Dad’s Army stars Toby Jones, Bill Nighy, Catherine Zeta-Jones, Michael Gambon and Blake Harrison and is directed by Oliver Parker. Based on the highly successful TV show, the film follows the Home Guard of the small seaside town, Walmington-On-Sea, as a Nazi spy threatens to pave the way for an invasion.
While much of the acting is superb, it’s sometimes let down by the casting. Some actors, such as Toby Jones or Blake Harrison are the spitting image of the former roles, adding to the sense of nostalgia, but others, like Bill Nighy or Michael Gambon just feel flat and out-of-place somewhat. Gambon especially, who plays fan-favourite Godfrey, just seems to be playing himself rather than performing. It seems a waste of good source material when paired up against some incredibly lifeless acting.
The script, by Hamish McColl, whose previous work includes Mr. Bean’s Holiday and Paddington, capture the spirit of the TV show and has a very British sense of humour throughout. The BBFC have rated the film as a PG for, “mild bad language, violence and innuendo”. The violence is mostly slapstick and in the finale when a simple chase turns into a multi-tiered gunfight (which incidentally is one of the funniest parts of the film for its sheer absurdity) has no blood, so it’s a film that the whole family can go to and they’ll be able to laugh at the jokes targeted at them. The innuendo is what fuels most of the jokes in the film, but a lot of them are hit-and-miss, leading to a lot of awkward silences or at least a roll of the eyes instead of a laugh.

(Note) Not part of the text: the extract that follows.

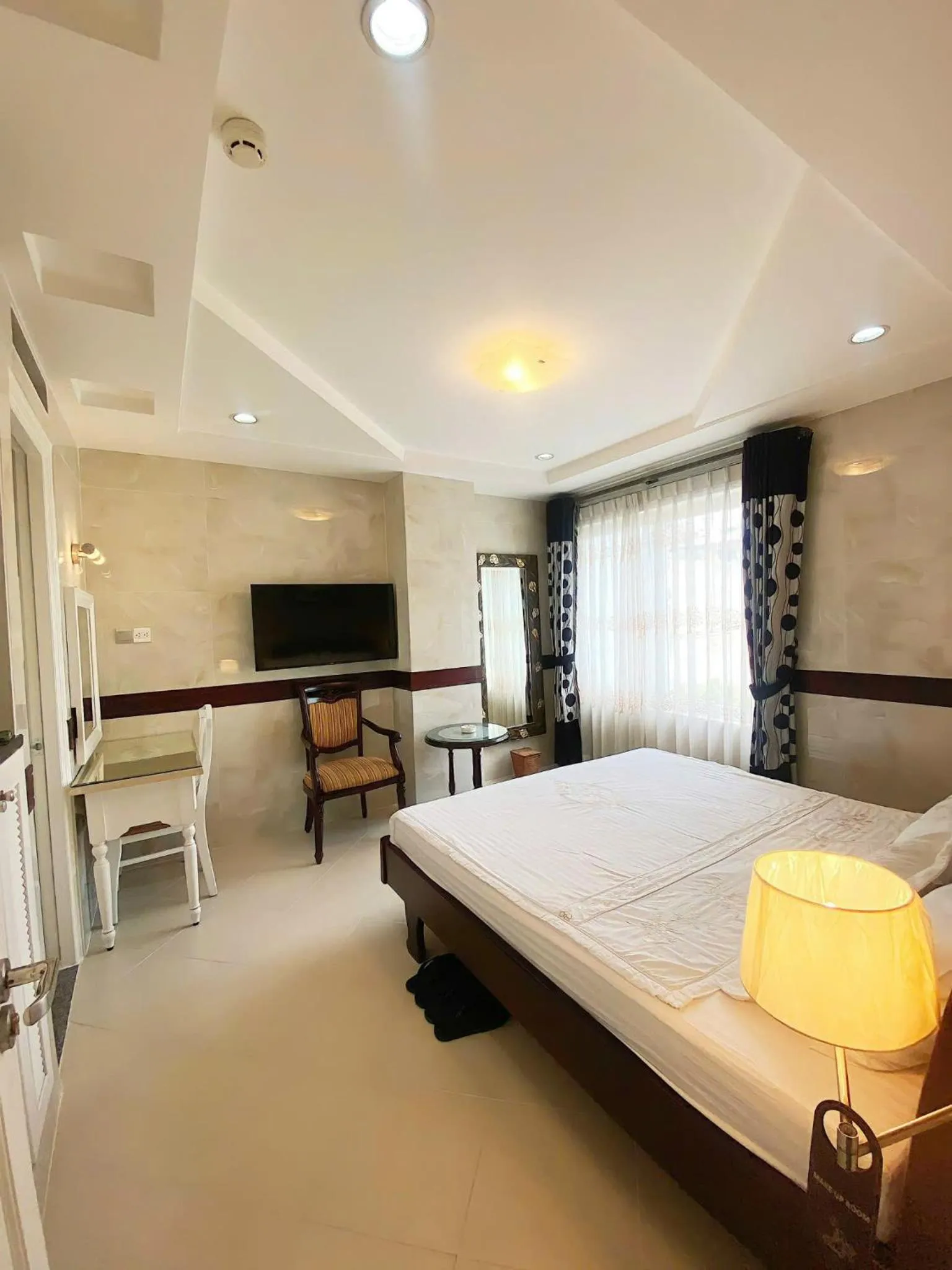 Bed in HOANG THANH THUY AIRPORT HOTEL 2 - Gần Ẩm Thực Đêm Chợ Hoàng Hoa Thám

The story is as basic and played out as you might expect. I distinctly remember the film’s plot being the plot of several of the episodes of the TV show, just with slightly different outcomes. Within five minutes of the film starting you’ll know how it ends, which is quite sad since for such a well-loved and long-running franchise, it smacks of laziness that they didn’t put a more thoughtful or at least a more developed story on screen. The film’s run time is only 100 minutes, meaning it’s pretty short in comparison to the rest of the cinema’s output, but there are still scenes in there that go on for way too long or just don’t add anything to the film. There is a love story between three/four characters (which again was a plot in the TV show) and here it just sits and does nothing original or interesting with the idea, bar one scene which is ripped straight from The Importance of Being Earnest.
The film also at times looks pretty shoddy. Some scenes, like a wide shot during a patrol on the seaside cliffs of Bridlington are quite nice, but others have an odd haze about them. On natural light was used in the film which may have been the reason why most of the indoor scenes have this golden filter rather than a clear picture. Natural light may have been used well in The Revenant, but it doesn’t look good for you Dad’s Army.
In the end, Dad’s Army has its problems. The story is paper thin, a majority of scenes aren’t lit properly and some actors just seem to be going through the motions. But the jokes, along with a healthy dose of nostalgia bring it around.
Score: 6/10 Can’t give it a higher score, but it’s a recommendation for the family.